[VOIPSEC] Actual Attacks

Simon Horne security at isvo.net
Sat Feb 26 02:31:55 CST 2005


At 02:02 PM 26/02/2005, David Vincent wrote:
>Brian Rosen wrote:
>
>>Are you aware of this actually happening, or is this all theoretic?
>>
>>I've never heard of actual incidents of any of this.
>>
>>The latter (eavesdropping) is actually the reverse; when we do testing, we
>>have to go through all kinds of grief to allow the sniffers to get at the
>>packets.  Someone has to actually bring a hub (not a switch) so we can sniff
>>the packets.  You can, of course, run Etherreal on some of the actual
>>devices.  It's amazingly hard to sniff packets in a typical switched
>>architecture.  When we implement CALEA (legal wiretap), it takes a special
>>box that we force all the traffic to go through so we can copy the packets
>>to the LEA.
>
>speaking of eavesdropping, i'd love to hear the community's opinion about 
>this project:
>
>http://www.enderunix.org/voipong/

With reference to the above product, more than ever vendors have to 
seriously consider Media Encryption with a Handshake technique which foils 
these types of "wire taps". Methods such as Single Use Diffie Hellman 
generated half key pairs (with 1 half encrypted) as used in TLS on a 
seperate secure channel is an excellent method to stop the "Man in the 
Middle" from being able to decrypt the voice traffic.
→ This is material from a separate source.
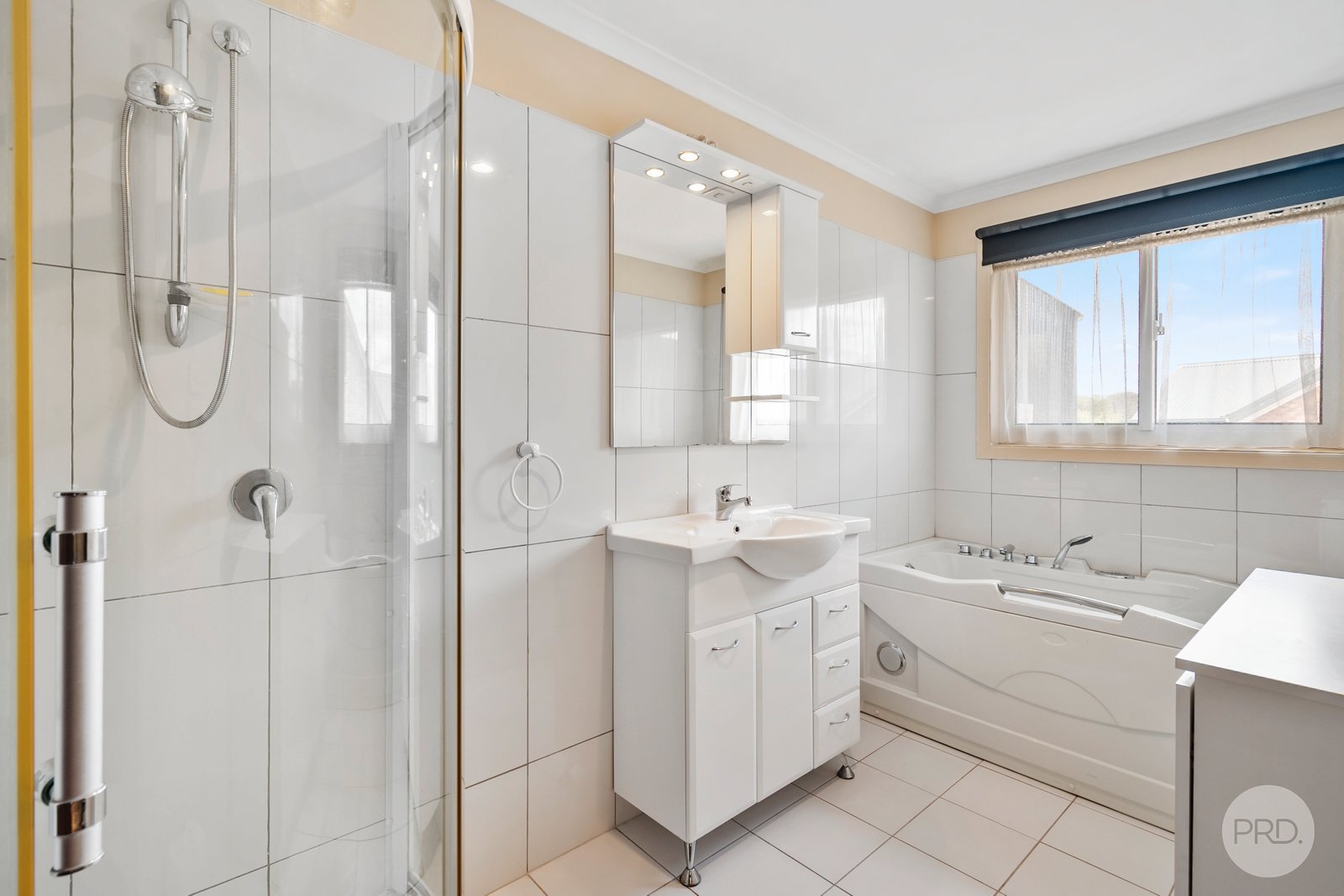 22 Sadri Court NEW NORFOLK 10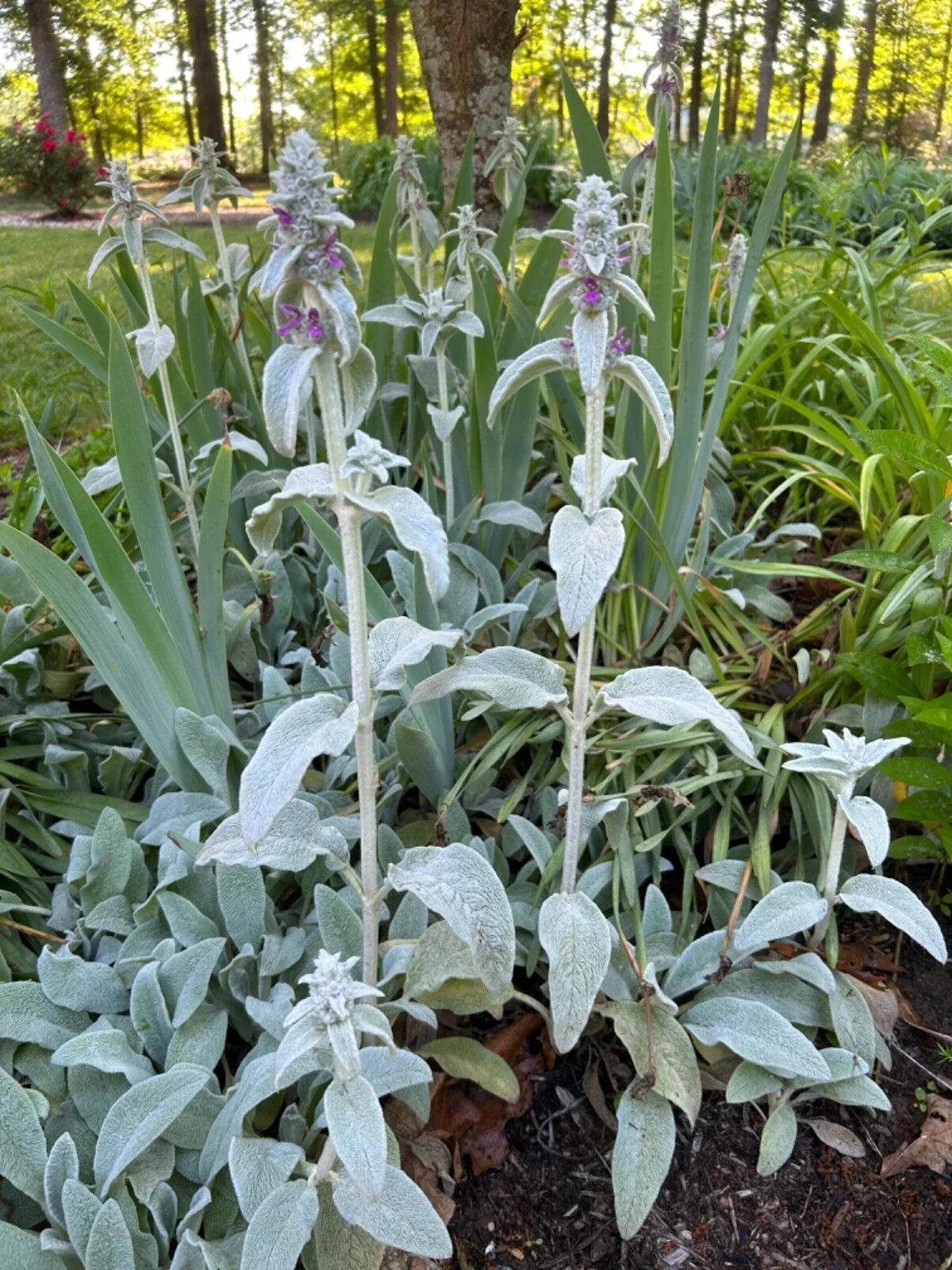 Lambs Ear Transplants - Bare Root Plugs - Organic Purple Flowering Plant - Stachys byzantina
They may be able to 
capture to .wav the contents of the conversation but it would be complete 
garbage. Each conversation or part of conversations are encrypted 
differently so the 'tapper' has to use repeated blunt force attacks to 
access the entire conversation. If a large Diffie Hellman "Prime" length is 
used (> 1536bits) and a high quality cipher (say AES256), makes it almost 
impossible for all but the the most serious 'tapper' to access.